Patrick Leigh Fermor, Mani. Voyages dans le sud du Péloponnèse

George Doundoukalis et Patrick Leigh Fermor en Crète, en 1943

Mais, en un sens, pour Leigh Fermor, la Grèce est le lieu de toutes les particularités, marqué par les innombrables « traces ataviques des siècles », « une  boîte de Pandore […] pleine de choses incroyables et d’exceptions à toutes les règles » dont il fait ses délices et qui lui suggère d’époustouflants catalogues, comme celui des groupes humains innombrables qui s’y seraient installés et qu’il déroule sur deux pages dans un grand moment d’ivresse :

« Bekrasi disséminés, Rufayan, derviches Mevlévi de la tour des Vents, Liaps de Soùli, Pomaques du Rhodope, Kizilbaschi des environs de Kechro, hommes qui marchent sur le feu de Mavrolevki, Lazi des rives pontiques, Linovamvaki (musulmans crypto-juifs de Salonique et de Smyrne), slavophones de Macédoine du Nord, Coutzo-Valaques de Samarina et de Métzovo, Chams de Thesprotie, Souliotes dispersés en Roumélie et dans l’Heptanèse, Albanais d’Argolide et d’Attique, mendiants kravarites d’Étolie, guérisseurs errants d’Eurytanie, Bounariotes brandisseurs de phallus de Tyrnavos… »

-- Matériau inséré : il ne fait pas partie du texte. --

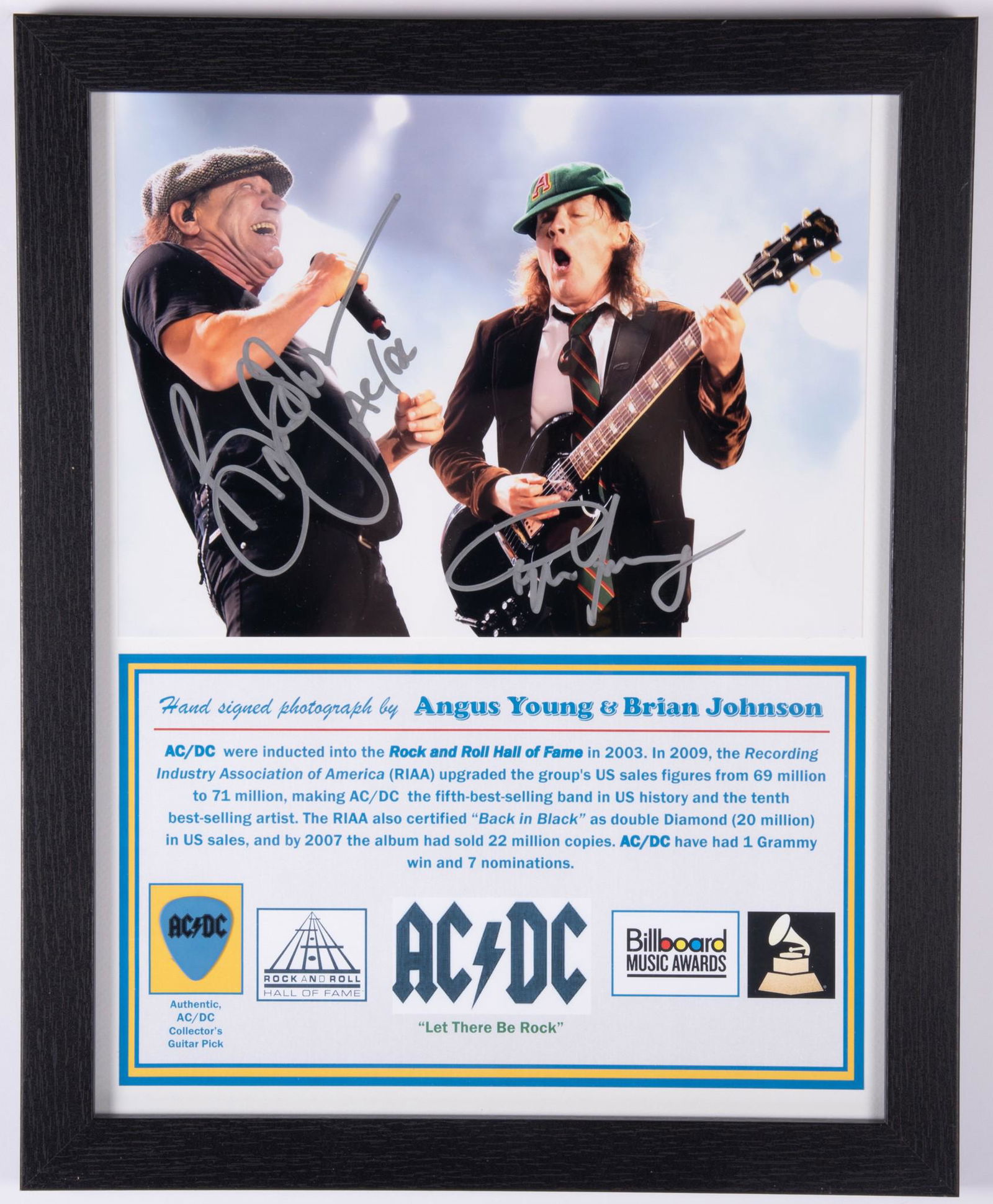 AC/DC SIGNED PHOTO/PICK (1 of 2)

Bref, tout enchante Leigh Fermor, autant les données historiques et géographiques « réelles », les pérégrinations elles-mêmes, que ses propres envolées imaginaires. « Comme il  est agréable et merveilleux », avoue-t-il au détour d’un paragraphe, « de sortir du strict labyrinthe des faits pour se retrouver sur les hauteurs baignées par l’aube des suppositions. »  Mani et Rouméli assurent ainsi de longues et fabuleuses « baignades » sur des sujets aussi divers que l’origine des centaures, les couvre-chefs des dignitaires de la cour des hospodars et, dans le cas de Roumeli, les pantoufles de Lord Byron que Leigh Fermor, agissant en 1954 comme intermédiaire de la baronne Wentworth, arrière-petite-fille du poète, tenta sans succès d’acheter à leur « propriétaire » missalonghien.

Eh oui, c’était bien le pied droit de Byron qui était déformé.


  1. Ces trois livres ont été publiés sous le titre Dans la nuit et le vent en 2014 par les éditions belges Nevicata.
  2. La première parution en français de Mani date de 1999.